Hydro questions …

Part of the Coulags hydro scheme
Part of the Coulags hydro scheme

So is hydro the green power solution with no downsides?  I was back in the north-west this weekend and took a walk up Maol Chean Dearg – Gary Wroe’s penultimate Munro.

On the way we came through the workings for the new Coulags hydro scheme, a run-of-river scheme (there’s no dam or reservoir) which will eventually have the capacity to generate 1.5MW.

There is a bit of mess –  a new road, diggers in the glen, a new turbine house which will be screened by trees, but this Coulags Sign  tells you more about the scheme, and it does seem that everything is being done responsibly, and the ground is to be restored. I am all for development in the glens if it helps keep people in the area, but there is just a niggle in my head.

We are pouring resources into hydro schemes. We later met the bloke who maintains the MBA bothy up the glen, and I think he said there were something like 14 new hydro schemes between there and  – was it Lochalsh? However much care is taken, anglers I know suggest they will affect aquatic life. There’s a stretch of the Fionn Abhainn just above the work that is breathtaking, a long water slide with curls of foam, dark water on smooth rock.
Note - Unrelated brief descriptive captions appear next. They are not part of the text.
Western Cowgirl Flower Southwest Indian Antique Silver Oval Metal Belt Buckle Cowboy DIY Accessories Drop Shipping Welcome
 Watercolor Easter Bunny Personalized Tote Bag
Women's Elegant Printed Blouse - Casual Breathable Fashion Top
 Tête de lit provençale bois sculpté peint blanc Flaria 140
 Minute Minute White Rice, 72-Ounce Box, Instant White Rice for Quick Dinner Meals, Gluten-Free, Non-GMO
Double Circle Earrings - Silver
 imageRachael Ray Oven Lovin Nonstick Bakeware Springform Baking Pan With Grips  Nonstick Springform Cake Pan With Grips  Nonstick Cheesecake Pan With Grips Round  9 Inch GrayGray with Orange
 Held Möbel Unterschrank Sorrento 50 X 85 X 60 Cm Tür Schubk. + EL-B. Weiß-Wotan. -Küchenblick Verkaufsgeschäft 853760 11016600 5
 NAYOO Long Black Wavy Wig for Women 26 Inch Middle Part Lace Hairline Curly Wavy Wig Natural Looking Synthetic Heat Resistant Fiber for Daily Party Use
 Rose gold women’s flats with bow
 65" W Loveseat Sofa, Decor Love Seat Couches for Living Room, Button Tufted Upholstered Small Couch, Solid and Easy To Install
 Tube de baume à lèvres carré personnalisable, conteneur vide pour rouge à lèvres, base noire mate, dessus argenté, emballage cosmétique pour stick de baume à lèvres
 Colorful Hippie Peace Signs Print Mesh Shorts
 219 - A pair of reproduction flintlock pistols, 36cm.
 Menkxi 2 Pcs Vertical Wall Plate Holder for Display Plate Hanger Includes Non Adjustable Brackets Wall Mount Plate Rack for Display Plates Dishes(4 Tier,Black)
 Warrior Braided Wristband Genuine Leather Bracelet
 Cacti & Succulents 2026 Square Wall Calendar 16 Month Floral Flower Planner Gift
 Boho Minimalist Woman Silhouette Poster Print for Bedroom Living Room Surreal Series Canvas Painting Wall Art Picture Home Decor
I’m not sure if the new scheme will take water out above this or not, but if it does it will affect its appearance.

These may seem all not unreasonable prices to pay for green energy and local employment, but throw in the fact that there seems to be little debate about it, and as far as I can tell renewables are only economic because of subsidised feed-in tariffs … and it raises questions … or should it?